I just bought some really interesting syrups for adding to my cakes, but I don't know how much to use. Do I use it instead of oil? It's kind of runny - similar to sugar free maple syrup. But it seems that if I'm doctoring a vanilla cake mix, I'll need a lot of it to get the flavor through. It's rather tan/brown in color so drizzling over a finished cake would not be pretty when it soaks in. Maybe use it in place of some of the liquid? I use milk instead of water for richness so I don't want to lose that either.
Has anyone used these before? They're made mainly for coffee and desserts.
I use Torani syrups all the time to make flavored sodas and coffees.
I've tried them in sno-cones, and was very disappointed in the lack of flavor-intensity; if they aren't strong enough to adequately flavor shaved ice, I'm afraid the flavor won't come through at all in a cake.
If you decide to give them a try, I'd use them in place of extracts, and not to replace the liquid or oil called for in the recipe. I don't think it would react well as a fat or liquid replacement, because of all the sugar in the syrup.
You might be able to get a nice subtle flavor in your buttercream, though.

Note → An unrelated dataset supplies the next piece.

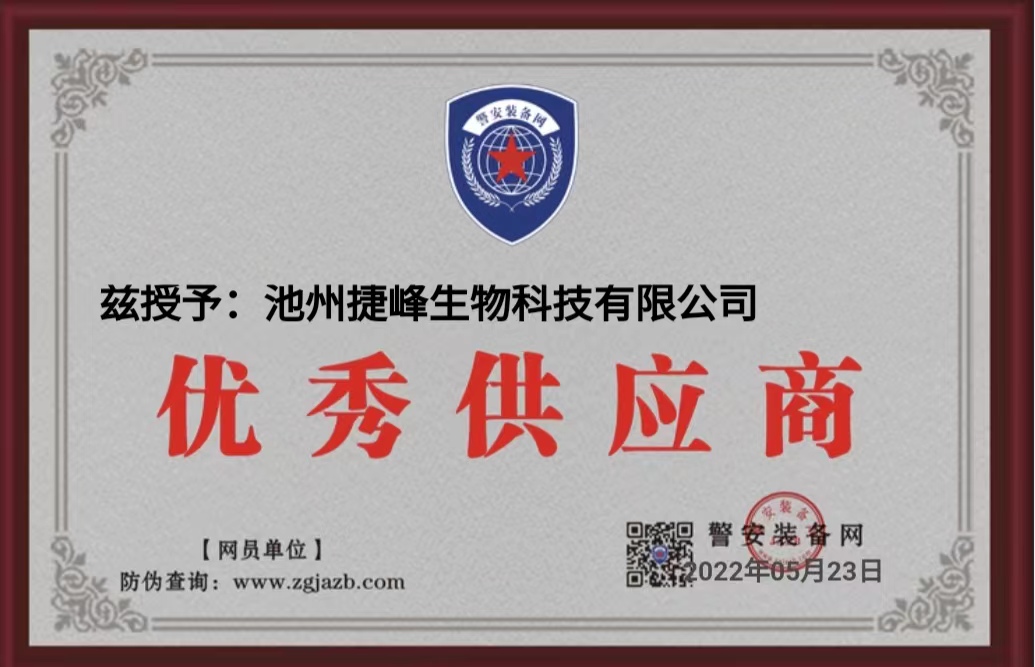 优秀供应商证书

I would try flavoring buttercream with them, but because they are so subtle it doesn't seem like you will get the flavor intensity you want in the cake itself. Also, with them you are not just adding an extract you are adding sugar/corn syrup, too. You can use them in a simple syrup to lightly coat your cake before frosting (some folks spray it on instead of brushing), keeps cake moist and adds flavor. Have fun experimenting.
Torani Sugar-Free vanilla is delicious in buttercream! I add about 2 teaspoons to a full batch of Buttercream Dream...
I use Torani in place of simple syrup when i want to add an extra touch of flavor and moistness to an already baked cake!
I didn't think about it being all sugar. I'll try brushing it on and in the frosting but I don't want it to color it too much. I'm stuck with a lot of it if it doesn't work! But it will be good elsewhere.